**** The input

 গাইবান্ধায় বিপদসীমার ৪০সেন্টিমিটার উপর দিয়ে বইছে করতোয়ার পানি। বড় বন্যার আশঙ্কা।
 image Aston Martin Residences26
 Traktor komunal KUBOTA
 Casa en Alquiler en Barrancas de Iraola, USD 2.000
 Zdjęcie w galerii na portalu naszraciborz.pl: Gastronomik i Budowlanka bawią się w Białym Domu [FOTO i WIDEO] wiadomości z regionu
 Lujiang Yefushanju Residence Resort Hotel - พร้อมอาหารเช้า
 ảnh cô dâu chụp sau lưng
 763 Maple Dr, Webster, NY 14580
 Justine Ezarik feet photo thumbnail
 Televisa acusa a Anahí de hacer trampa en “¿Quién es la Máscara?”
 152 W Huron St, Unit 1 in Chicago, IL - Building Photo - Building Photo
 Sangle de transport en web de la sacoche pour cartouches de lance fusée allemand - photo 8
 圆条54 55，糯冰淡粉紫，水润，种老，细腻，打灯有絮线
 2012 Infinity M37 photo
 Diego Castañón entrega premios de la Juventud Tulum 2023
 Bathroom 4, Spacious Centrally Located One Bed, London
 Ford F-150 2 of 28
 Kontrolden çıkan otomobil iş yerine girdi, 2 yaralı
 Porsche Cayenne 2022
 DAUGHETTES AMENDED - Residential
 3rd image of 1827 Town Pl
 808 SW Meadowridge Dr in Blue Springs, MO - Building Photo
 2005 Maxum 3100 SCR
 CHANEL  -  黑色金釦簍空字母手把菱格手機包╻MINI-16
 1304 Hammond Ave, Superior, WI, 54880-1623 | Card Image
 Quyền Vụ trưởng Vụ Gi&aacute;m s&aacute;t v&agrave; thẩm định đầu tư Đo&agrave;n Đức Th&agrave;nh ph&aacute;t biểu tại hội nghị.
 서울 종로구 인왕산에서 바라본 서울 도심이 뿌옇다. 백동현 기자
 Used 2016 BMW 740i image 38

********

• _Directions for this task_: Every line in the material above that has the word "Building" should be copied.

• _Reply_:
 152 W Huron St, Unit 1 in Chicago, IL - Building Photo - Building Photo
 808 SW Meadowridge Dr in Blue Springs, MO - Building Photo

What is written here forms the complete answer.